TAD 2014 Review: The Babadook
The closing night film from this year’s Toronto After Dark festival is by far the creepiest effort from this year’s fest, the Australian wonder that is blazing through the festival circuit garnering awards and acclaim. The Babadook stars Essie Davis as Amelia, the mother of a rambunctious and unruly child Samuel (Noah Wiseman). While reading a story to him one night the book, entitled Mister Babadook, takes a viscous and violent turn that threatens mom and child with a visit from the irrepressible Babadook. After attempts to discard the book prove futile the Babadook lives up to his word, sending Amelia and Samuel’s lives swirling into a turmoil.
Writer/Director Jennifer Kent has crafted a unique and truly frightening tale with her feature length directorial debut, and she gets the most of out her actors as well. Essie Davis is excellent as the long suffering Amelia and so is young Noah Wiseman as the young hell spawn known as Samuel. Kent takes the audience through a range of emotions surrounding Samuel, the beginning of the film will have audiences wanting to throttle him but by the end he is the one character we really root for. It’s the smartly written and executed reversal of roles that occurs through the film that helps drive the picture’s more intense and gut wrenching sequences.

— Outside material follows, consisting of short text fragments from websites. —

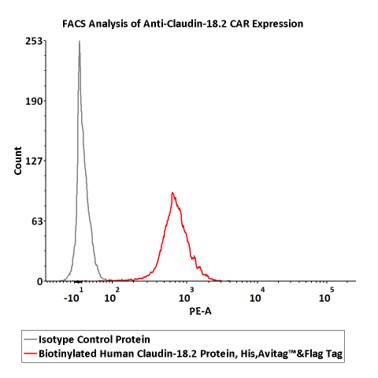 Claudin-18.2 FACS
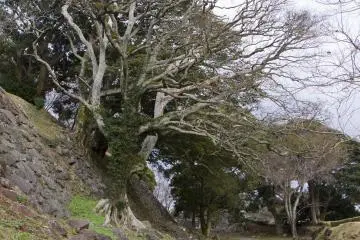 <p>Soldiers on horseback used to ride along this wall</p>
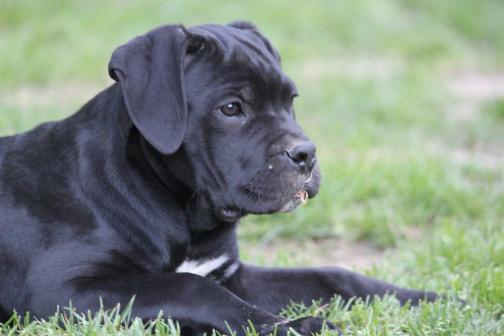 Publication : Dei Molossi D'eburon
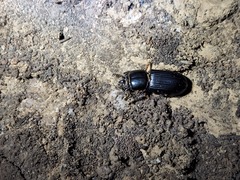 Odontotaenius disjunctus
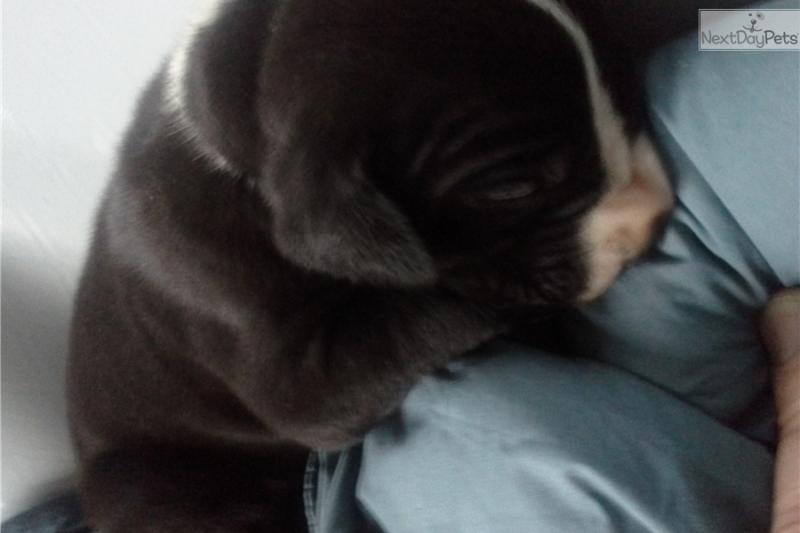 cvcv Offering : Adorable Great Dane puppies for Rehoming TXT 647-488-1755 Image eClassifieds4u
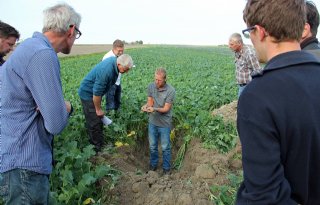 %27Groenbemestermengsels+goed+voor+doorworteling+bodem%27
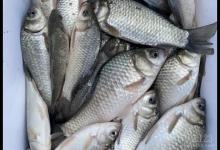 盘点大鱼进窝的五种情况，你同意吗？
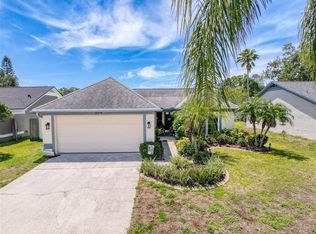 3074 Cara Ct, Palm Harbor, FL 34684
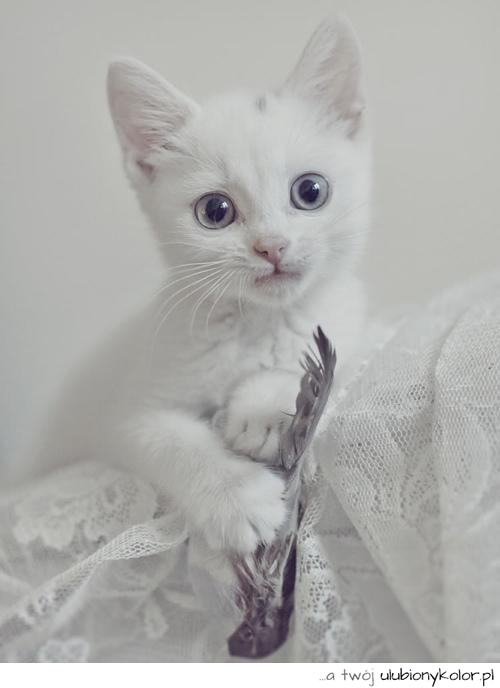 kot, kicia, biały, piórko, mały, love, kotek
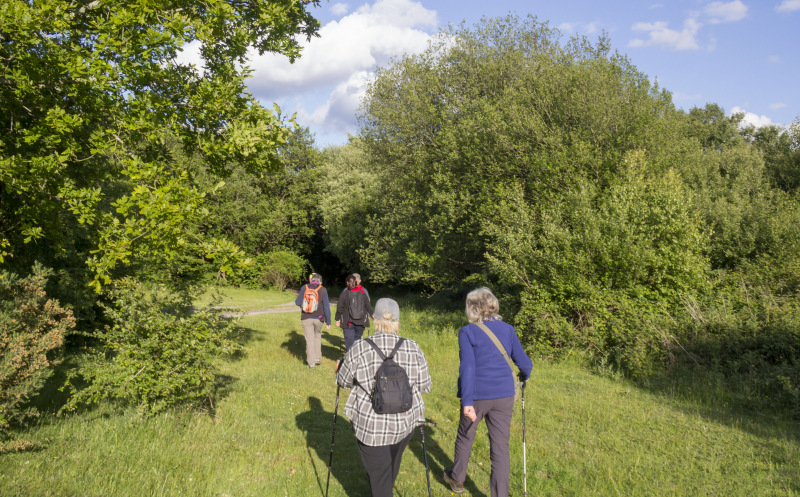 Photograph of Walking Route - Image 6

The Babadook himself carries a almost cartoony look to him, playing in nicely to his picture book origins.
Some may be disappointed by ending of the film, but the ride to get there is fantastic. The Babadook is one of the most purely satisfying pieces of horror audiences will get in 2014, its premise is brilliant, the acting is great and the set decoration is top notch. This is a film that deserves to be sought out.